Neither a hip bopper, nor a cool West Coaster, Desmond often seems to fall between the cracks of American jazz history. Best known for his long association with pianist Dave Brubeck, who’s hit "Take Five" features Desmond’s dry alto sax, he carved a niche for himself with a unique sound and style. In an era of hard driving players like Sonny Rollins and John Coltrane, Desmond was sometimes dismissed as playing too "pretty." But what people missed, was that behind his "pretty" sound was a great gift for lyricism. Desmond played sax like many of the great vocalists sang. There was a sense of ease about him and a knack for working around the melody.
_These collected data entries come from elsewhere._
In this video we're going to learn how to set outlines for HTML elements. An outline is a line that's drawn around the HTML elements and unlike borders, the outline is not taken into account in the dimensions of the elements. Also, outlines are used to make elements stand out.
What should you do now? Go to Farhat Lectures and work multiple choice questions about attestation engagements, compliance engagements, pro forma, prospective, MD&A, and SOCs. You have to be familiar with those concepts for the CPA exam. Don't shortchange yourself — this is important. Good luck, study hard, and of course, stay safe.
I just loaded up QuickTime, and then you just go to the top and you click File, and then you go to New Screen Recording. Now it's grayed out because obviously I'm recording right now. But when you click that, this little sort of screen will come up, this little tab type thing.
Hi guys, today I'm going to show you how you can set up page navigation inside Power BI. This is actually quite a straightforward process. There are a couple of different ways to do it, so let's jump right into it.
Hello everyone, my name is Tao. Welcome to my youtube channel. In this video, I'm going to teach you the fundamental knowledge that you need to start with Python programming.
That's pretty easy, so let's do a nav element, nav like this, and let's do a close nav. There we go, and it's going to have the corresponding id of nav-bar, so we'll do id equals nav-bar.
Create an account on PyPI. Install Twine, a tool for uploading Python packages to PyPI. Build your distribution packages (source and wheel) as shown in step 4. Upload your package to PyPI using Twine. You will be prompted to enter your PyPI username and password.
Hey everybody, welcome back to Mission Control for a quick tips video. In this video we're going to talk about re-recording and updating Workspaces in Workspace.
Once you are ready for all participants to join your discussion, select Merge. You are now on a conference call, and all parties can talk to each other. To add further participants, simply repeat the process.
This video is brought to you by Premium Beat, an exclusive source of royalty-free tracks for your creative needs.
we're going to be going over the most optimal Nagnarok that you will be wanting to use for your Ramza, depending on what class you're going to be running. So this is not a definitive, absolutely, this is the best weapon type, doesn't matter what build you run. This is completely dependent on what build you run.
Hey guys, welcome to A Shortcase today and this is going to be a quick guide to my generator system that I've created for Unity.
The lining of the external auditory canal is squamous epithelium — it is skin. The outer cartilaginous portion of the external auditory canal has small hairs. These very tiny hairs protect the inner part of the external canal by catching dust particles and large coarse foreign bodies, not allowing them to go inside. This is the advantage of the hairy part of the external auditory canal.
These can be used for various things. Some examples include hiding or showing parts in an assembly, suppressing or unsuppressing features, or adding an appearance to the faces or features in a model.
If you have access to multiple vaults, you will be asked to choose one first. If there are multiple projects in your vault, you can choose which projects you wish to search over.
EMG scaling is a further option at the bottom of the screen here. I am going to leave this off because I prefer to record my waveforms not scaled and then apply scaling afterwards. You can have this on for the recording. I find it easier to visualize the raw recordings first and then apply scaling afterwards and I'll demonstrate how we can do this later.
Jensen brings this same sort of styling to the music here. His playing is sure footed, yet carries a sense of ease that flows through each tune. It’s uncanny how much he sounds like Desmond at times, yet there is no sense of mimicry here. He is his own player here, and he has surrounded himself with talented musicians. Guitarist Jamie Findlay makes a good foil for Jensen. His solos are lyrical and show a mature knowledge of this style of guitar. Too many guitarists today are out of the fusion mold and see solos as an excuse for technical displays. Findlay paces himself, making every note count, letting the music unwind naturally. Bassist Zac Matthews and drummer Dean Koba offer excellent support. Their playing is tight, yet not obtrusive. Koba deserves kudos for his drum solo on "Take Five" which harks back to the spirit of Brubeck’s master drummer, Joe Morello.
If this is the sound of a dry martini, then make mine a double. Highly recommended.